ADSLやFTTHといった常時接続インフラの普及により、個人やSOHOでも現実的になりつつあるVPN。VPNを利用すれば、外出先からインターネットを利用して自宅やオフィスにLAN接続し、その場にいるかようにパソコンやファイルにアクセスできる。もちろん制限がないわけではないが、例えばファイルの読み書きのためにftpサーバを設置するより、ずっと手間はかからない。ただ、設定の煩雑さなどから「VPNは敷居が高い」と思われがちだ。
ところが最近は、VPNを簡単に利用できることをウリにしたコンシューマー向けのブロードバンドルータが手頃な価格で登場している。今回は、バッファローの「WHR2-G54V」と「BHR-4RV」を取りあげ、ホットスポットから自宅へのVPN接続、そしてLAN間接続にも挑戦してみよう。なお、「WHR-G54V」は、「BHR-4V」のブロードバンドルータ機能はそのままに、IEEE 802.11g/b対応の無線LANアクセスポイント機能を追加した無線ルータだ。
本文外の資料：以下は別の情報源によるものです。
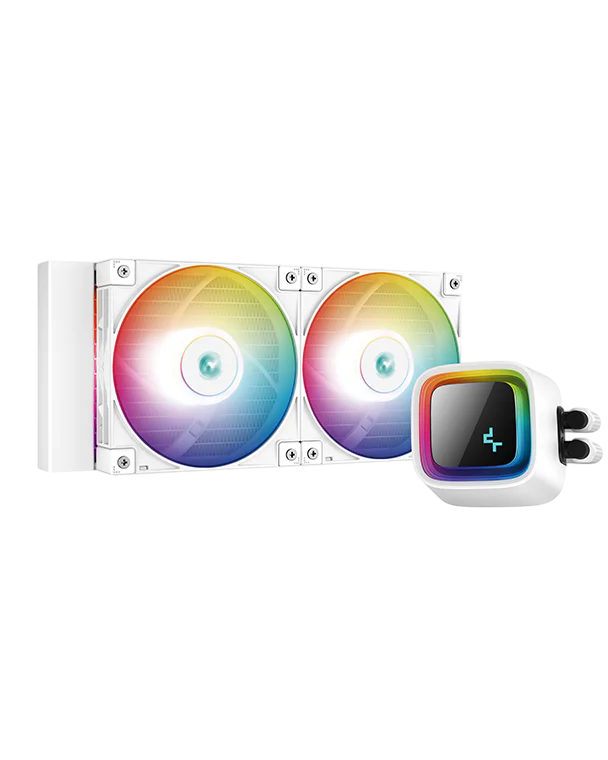 DEEPCOOL LS520 (2x120mm) Premium Liquid & Low Noise Effiency Liquid Cooler - White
無線LANアクセスポイント機能以外は共通なので、とくに断りのない限り「WHR-G54V」を前提として話を進める。
両機の最大の魅力は、PPTPサーバ機能を備えている点だ。出先のパソコンから自宅やオフィスのLANにVPN接続するだけなら、LAN側の設定は「WHR-G54V」にユーザーアカウントを追加するだけで済む。後はリモート接続する側のPCで、VPN接続のエントリーを追加するだけでいい。
では、LAN内のパソコンをPPTPサーバとして利用する場合はどうだろう。PPTPサーバとなるパソコンに「着信接続」(Windows XPの場合)のエントリーを作成し、VPN接続用のユーザーアカウントを作成、もしくは既に利用中のアカウントにVPN接続の許可を設定する。ここまではそれほど面倒な作業ではない。
次にルータの設定が必要だ。ブロードバンドルータを利用したインターネット接続では、VPN接続用にインターネット側から届くパケットをPPTPサーバになるパソコンに転送しないといけない。この場合、PPTPサーバになるパソコンは固定IPアドレスにする必要もあり(MACアドレスでポートフォワード可能なルータを除く)、LAN内でのIPアドレスの管理も面倒だ。
また、PPTPサーバとなるパソコンの電源は常時入れておく必要もある。VPNを利用してLAN内のパソコンにアクセスするなら当然電源は入れておくはずだが、LAN内のNASにアクセスする場合などは話が別だ。特に個人用途であれば、「WHR-G54V」を利用することで、VPN接続だけのためにパソコンの電源を常時入れておく必要がなくなるのは大きなメリットになるだろう。
「WHR-G54V」では、PPTPサーバの設定をウィザードでも行える。ダイナミックドメインの利用設定、IPアドレスによる接続制限の設定、ユーザーアカウントの設定だ。
設定が存在することから分かるように「WHR2-G54V」はダイナミックドメインの自動登録機能も備える。対応しているのは、同社が提供する「バッファロー・ダイナミックDNSサービス」(年額3780円)など4つ。
普段、IPアドレスの管理をDHCPに任せている限り、これだけでPPTPサーバの設定は完了だ。VPN接続したパソコンに対してもDHCPでIPアドレスを割り振る仕組みになっており、後はVPN接続するパソコンでWindows標準機能のPPTP設定を行うだけでいい。